Sin embargo, tras la convulsión social de finales del año anterior e inicios del presente, que llegó a paralizar un buen número de minas, sobre todo en el “corredor del sur”, el sector ha pasado a vivir en medio de una tensa calma. Es como si los conflictos se hubieran puesto ‘en pausa’, por decirlo de alguna manera, mientras que los que continúan encendidos no parecen tener la misma intensidad que antes.
Como correlato, la producción de cobre –nuestro principal producto de exportación– ha ido recuperando el paso que había perdido y en lo que va del año ha registrado un aumento de 20%. No se puede, sin embargo, cantar victoria, sería una tremenda equivocación. Estamos ante una bomba de tiempo que puede estallar en cualquier momento si no se hace nada para prevenirlo.

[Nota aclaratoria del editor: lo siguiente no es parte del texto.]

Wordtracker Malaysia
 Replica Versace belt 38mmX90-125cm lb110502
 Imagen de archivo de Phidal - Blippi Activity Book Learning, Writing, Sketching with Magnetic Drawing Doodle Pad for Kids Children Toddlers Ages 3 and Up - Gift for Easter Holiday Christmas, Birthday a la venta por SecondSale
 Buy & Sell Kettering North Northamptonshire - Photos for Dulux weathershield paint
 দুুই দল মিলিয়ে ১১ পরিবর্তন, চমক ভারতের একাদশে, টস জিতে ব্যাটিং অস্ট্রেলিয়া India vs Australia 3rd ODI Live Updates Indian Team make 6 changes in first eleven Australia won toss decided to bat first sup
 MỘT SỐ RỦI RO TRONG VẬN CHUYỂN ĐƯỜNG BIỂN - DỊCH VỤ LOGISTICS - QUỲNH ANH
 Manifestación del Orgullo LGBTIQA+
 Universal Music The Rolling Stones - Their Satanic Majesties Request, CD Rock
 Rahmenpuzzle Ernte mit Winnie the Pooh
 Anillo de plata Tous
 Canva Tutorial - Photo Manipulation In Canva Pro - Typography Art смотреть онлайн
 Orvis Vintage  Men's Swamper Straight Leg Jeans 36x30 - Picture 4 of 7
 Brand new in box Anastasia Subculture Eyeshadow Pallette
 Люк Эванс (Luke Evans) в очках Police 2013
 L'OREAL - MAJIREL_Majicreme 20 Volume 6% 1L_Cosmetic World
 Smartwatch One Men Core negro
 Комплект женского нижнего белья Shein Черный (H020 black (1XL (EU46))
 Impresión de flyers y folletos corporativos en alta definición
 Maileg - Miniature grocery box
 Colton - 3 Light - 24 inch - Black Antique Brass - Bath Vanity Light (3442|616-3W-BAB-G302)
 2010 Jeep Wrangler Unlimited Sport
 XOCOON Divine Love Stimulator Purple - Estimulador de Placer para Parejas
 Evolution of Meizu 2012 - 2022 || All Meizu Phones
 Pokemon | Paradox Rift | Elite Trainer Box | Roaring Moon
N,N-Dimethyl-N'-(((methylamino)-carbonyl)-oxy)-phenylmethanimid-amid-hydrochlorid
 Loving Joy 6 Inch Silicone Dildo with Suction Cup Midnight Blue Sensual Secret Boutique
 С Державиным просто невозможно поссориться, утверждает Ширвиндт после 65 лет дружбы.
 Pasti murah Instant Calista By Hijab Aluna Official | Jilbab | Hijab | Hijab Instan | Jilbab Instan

Para dimensionar el tamaño del problema basta con darle una mirada a las cifras de la Defensoría del Pueblo. De acuerdo con su último reporte, de los 142 conflictos socioambientales activos y latentes desperdigados por todo el territorio nacional, el 68,3% (97 casos) está relacionado con la actividad minera y está claro que mirando para el costado no se van a resolver.
Esta coyuntura de relativa tranquilidad debe ser aprovechada mientras dure para lanzar una campaña comunicacional masiva para derrumbar mitos y aclarar que los beneficios que la minería formal brinda a sus zonas de influencia y, por cierto, al país entero son mayores que los riesgos potenciales que entraña.
Se debe contrarrestar la desinformación y medias verdades propaladas por un pequeño grupo antiminero, que en muchos casos solo busca engañar a la población por algún interés particular, ya sea político o económico. En buena cuenta, se tiene que cambiar la narrativa imperante.
Esta tarea le corresponde a las empresas mineras para disminuir la resistencia que enfrentan y ganarse la confianza de las comunidades aledañas a los yacimientos, pero también al propio Estado, que deja de recaudar impuestos que podría utilizar para financiar mejores servicios públicos e infraestructura.
Ese sería un paso en la dirección correcta para reparar la imagen de esta actividad y revertir el déficit de inversión que viene aquejando al sector. Por suerte, proyectos no faltan. Tenemos una cartera valorizada en más de US$53.000 millones, que en caso de ejecutarse podría darle un fuerte impulso al PBI. Dejar pasar la oportunidad para sacarlos adelante sería una irresponsabilidad mayúscula en un país que hoy, más que nunca, necesita reactivar todos sus motores de crecimiento.